On the bidding war for businesses in Kansas City
"Kansas City, it's right on the border of Kansas and Missouri, and what's been happening is that Kansas will offer to companies who are in Missouri to come over and they'll give them tax credits. [Kansas has] a very big ... tax credit called the PEAK Program, and Missouri will match it. ... I interviewed both governors, Gov. [Sam] Brownback from Kansas and Gov. [Jay] Nixon, and I actually asked them why they did this. There are local business leaders in Kansas City who have called on those two governors to agree to a truce, to agree to not give incentives to companies who are just moving across the border, and I asked both Gov. Brownback and Gov. Nixon, 'If the other one would agree, would you agree to stop this?' And neither would."
On the impact of incentives on Texas schools and public services
"Texas schools have had their budgets dramatically cut in the last couple years. They lost $5.4 billion in the last legislative cycle. By the time they lost that money, Texas was already spending the 11th least amount per student in the country. So, they're already at the bottom of the heap on what they spend per student and they cut it further. ....
"It's a little difficult to talk about exact causality, because ... the general fund of a state is like a big bowl of the water. ... You pour a little out on one side, well, which part of the glass, or which part of the bowl, did it come from? It's a little hard to say, but certainly this amount of cash out the door in Texas, and forgone tax revenues but through different incentives they have and tax breaks, is money they don't have at a time they have been cutting the school budgets."

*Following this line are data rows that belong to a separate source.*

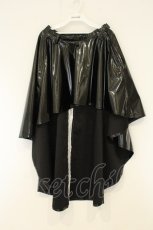 画像1: DarkLife / 十字架テールスカート  ブラック×ホワイト O-26-08-27-074-PU-SK-IG-OS (1)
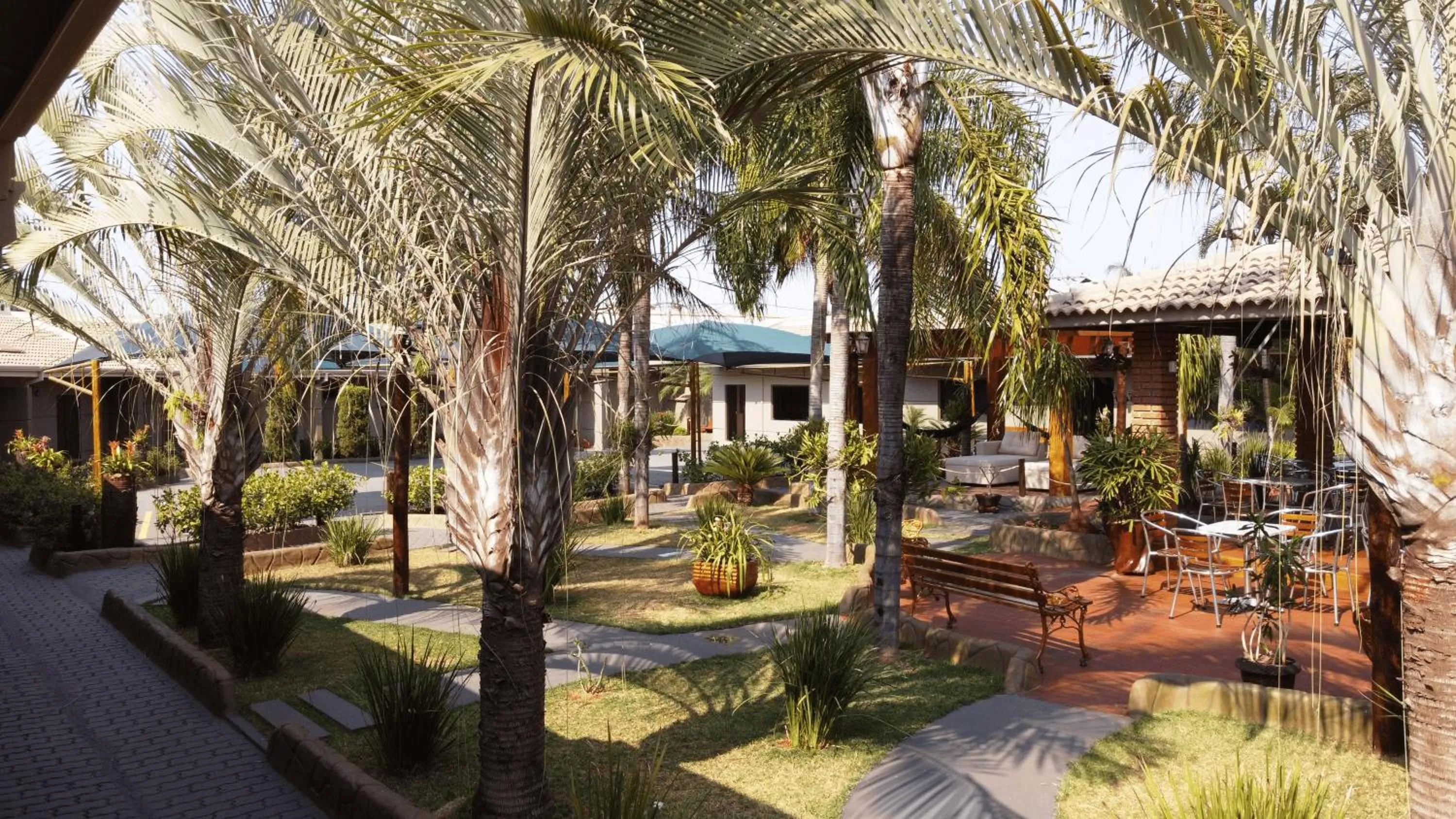 Garden in Pousada Kaluanã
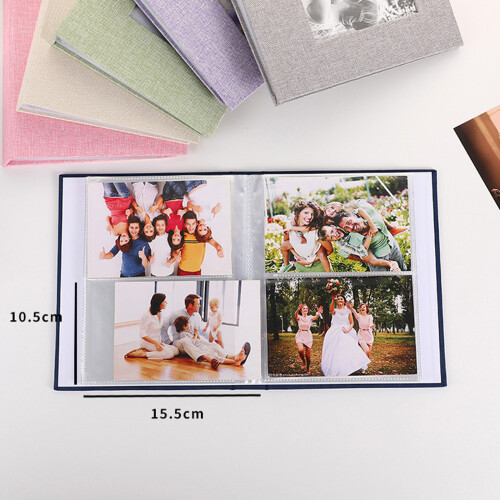 4x6 Photo Book With Front Window Acid Clear Protective-Pink 1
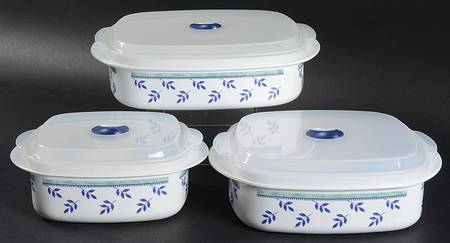 Switch 3  (Set of 3) Square Melamine Bowl w/Plastic Lid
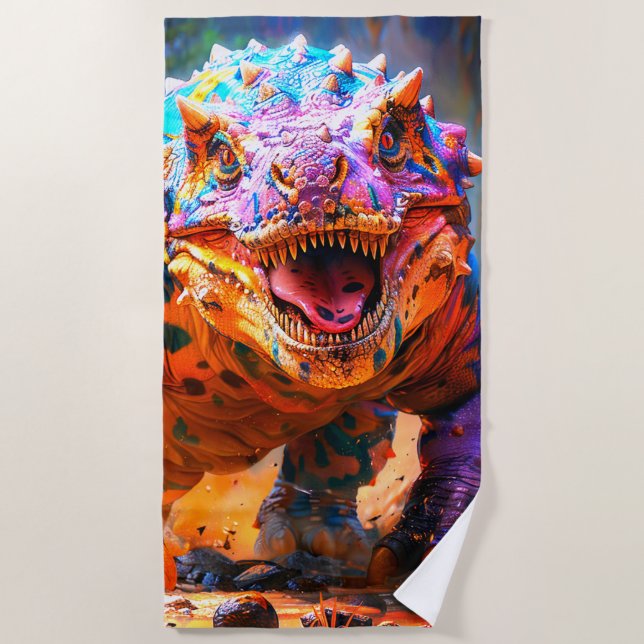 Serviette De Plage Dinosaure (Devant)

On the beginning of incentives in the film industry
"Canada started recruiting some moviemakers away from New York and L.A., and Louisiana took a look at that and said, 'Oh, wow, Hollywood will go for money?' And Louisiana created a very lucrative program offering a 20 percent rebate on what movie companies spend there, and movies started going to Louisiana. And when other states saw that they said, 'Oh, wow, we should offer that too.' ... And so then what happened was New York and L.A. — where it used to be clear that people would want to shoot movies — they had to create their own programs to convince moviemakers not to move."
On what happened to the places that had agreed to the financial incentives after GM went bankrupt
"A lot of other places, like Moraine, Ohio, and Janesville, Wis., were not as lucky and, in 2009, as part of the bankruptcy, the company left a bunch of properties behind in what became a legacy GM, an old GM, and ... the company actually is a new company and it doesn't have the obligations to those old properties, and those properties are being sold now very slowly. There were local officials in states and cities tied to about 50 of those properties that had given incentives and they were dismayed when they saw [this and thought], 'We gave you this money to help with jobs and now you're leaving.' "

 
Can someone show a study that says if you spend more on schools you'll put out smarter kids ?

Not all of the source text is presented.